--- Goal of the exercise ---
With the pictures left out, print exactly the lines below that run from the one containing "2025 COFFEE BEANS" through the one containing "۶۰ متر فول رو به آفتاب در بلوار فردوس".

--- Given information ---
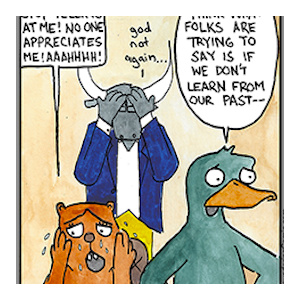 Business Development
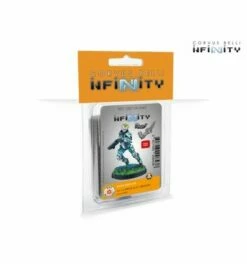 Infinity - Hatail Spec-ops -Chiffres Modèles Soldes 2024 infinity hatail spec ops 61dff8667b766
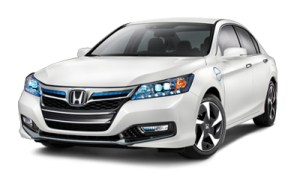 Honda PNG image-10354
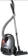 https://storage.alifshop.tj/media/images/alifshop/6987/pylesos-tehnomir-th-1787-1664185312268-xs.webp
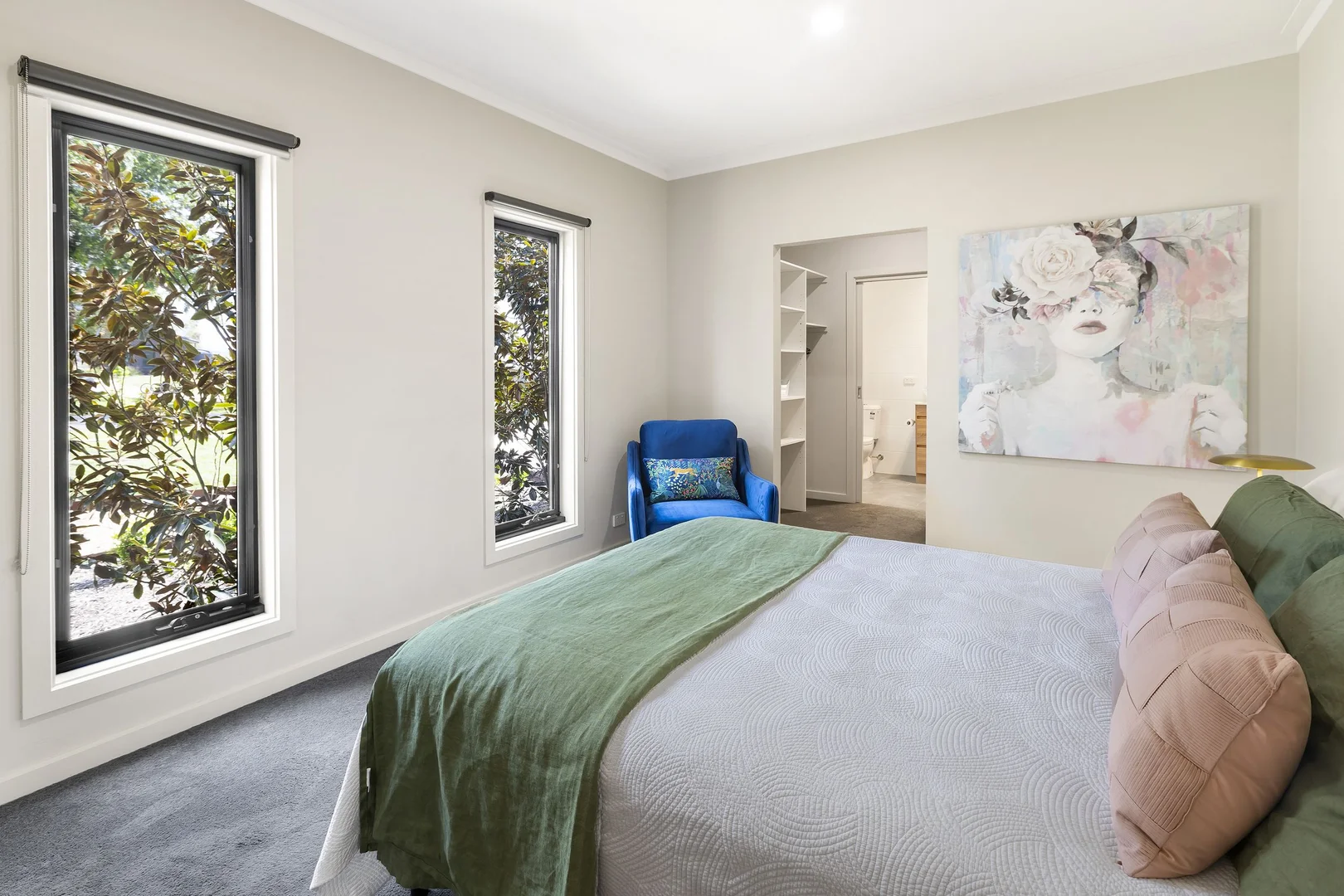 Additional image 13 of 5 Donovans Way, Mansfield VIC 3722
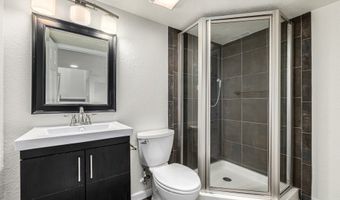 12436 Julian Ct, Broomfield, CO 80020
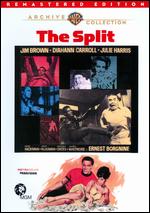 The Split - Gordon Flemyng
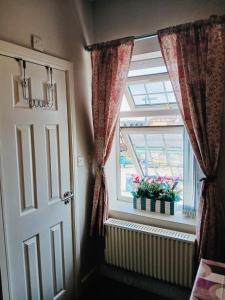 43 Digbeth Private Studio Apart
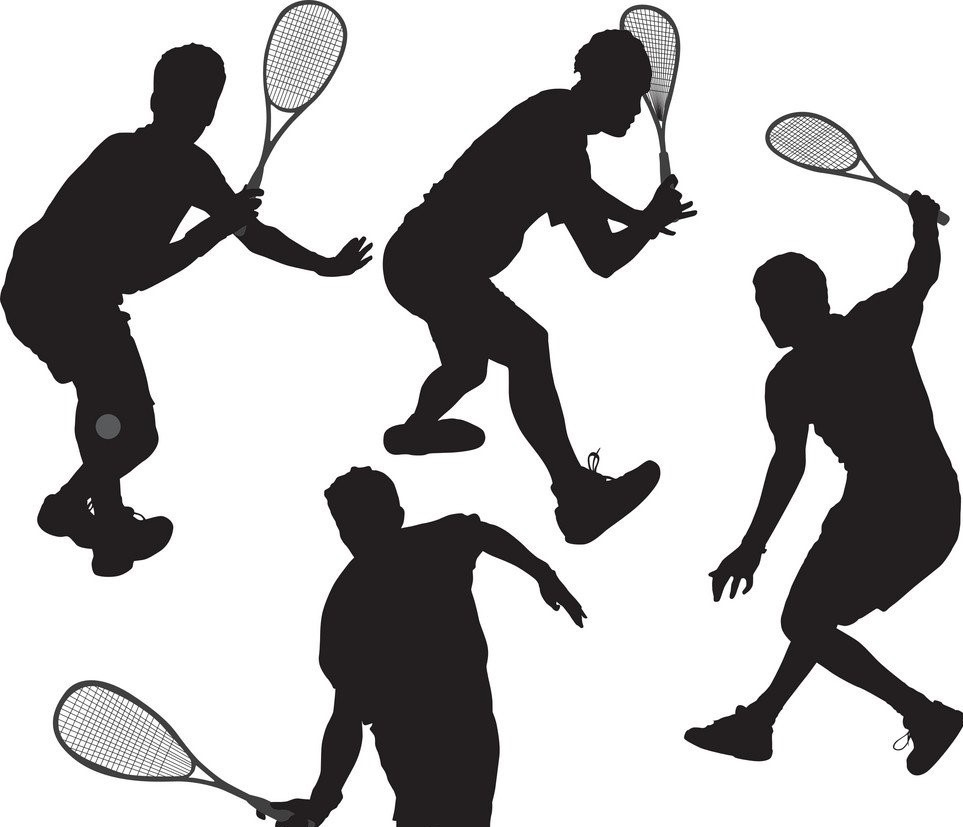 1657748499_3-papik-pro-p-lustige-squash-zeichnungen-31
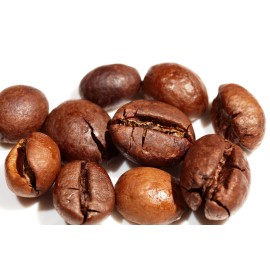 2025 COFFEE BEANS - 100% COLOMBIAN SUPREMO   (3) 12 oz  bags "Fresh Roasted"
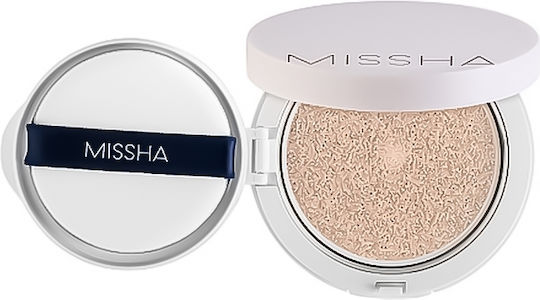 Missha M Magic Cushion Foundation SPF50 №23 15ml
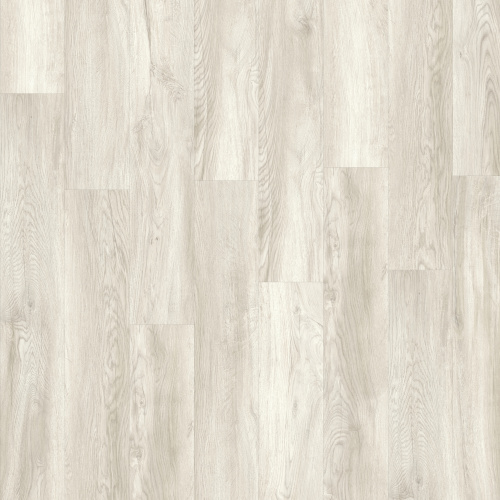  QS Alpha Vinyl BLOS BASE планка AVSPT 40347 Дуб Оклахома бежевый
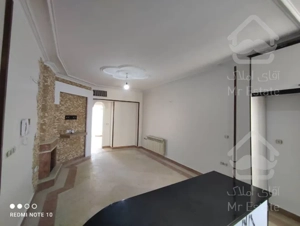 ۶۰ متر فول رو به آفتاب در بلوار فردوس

...

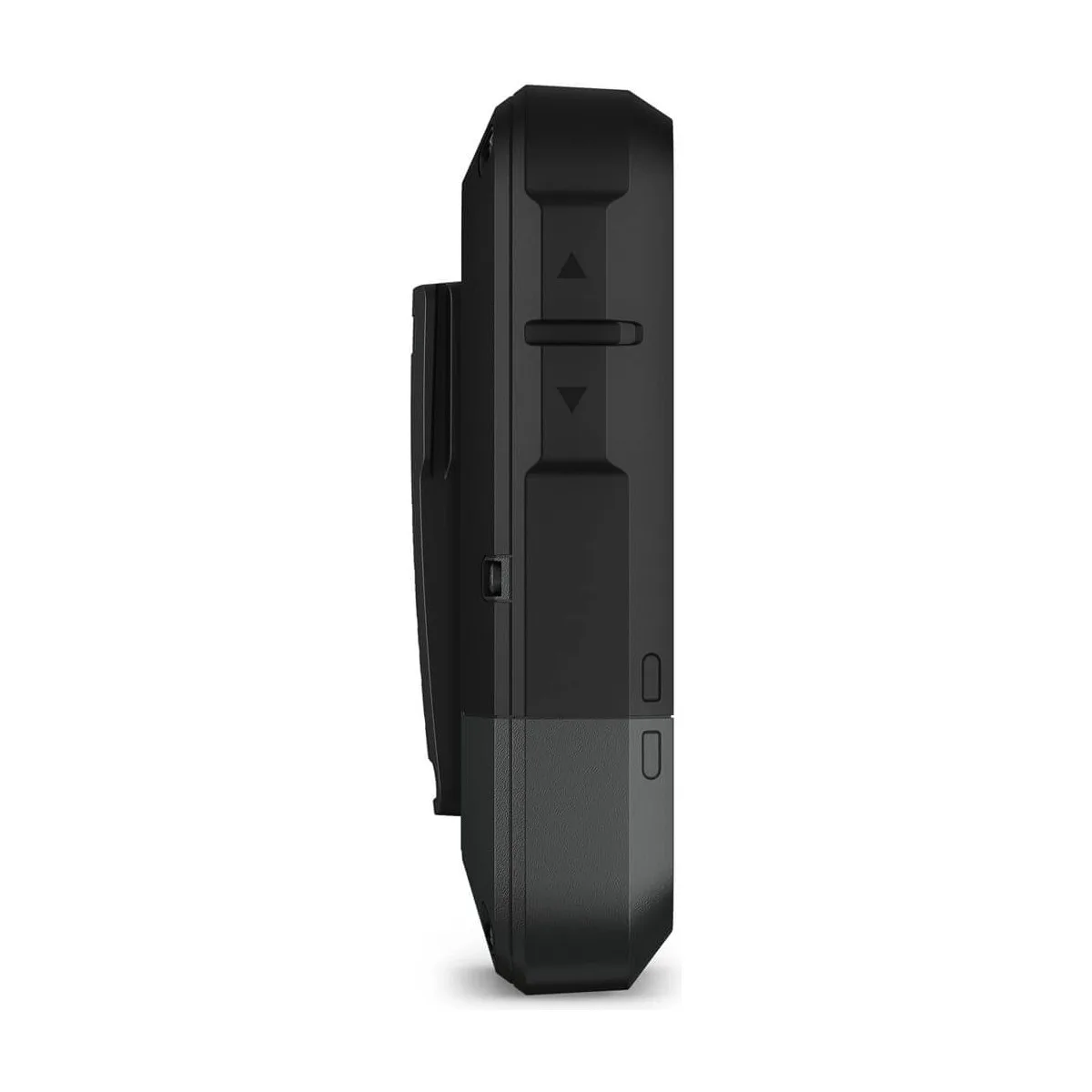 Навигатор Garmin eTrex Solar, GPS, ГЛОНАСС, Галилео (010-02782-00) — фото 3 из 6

--- Solution for this problem ---
 2025 COFFEE BEANS - 100% COLOMBIAN SUPREMO   (3) 12 oz  bags "Fresh Roasted"
 Missha M Magic Cushion Foundation SPF50 №23 15ml
  QS Alpha Vinyl BLOS BASE планка AVSPT 40347 Дуб Оклахома бежевый
 ۶۰ متر فول رو به آفتاب در بلوار فردوس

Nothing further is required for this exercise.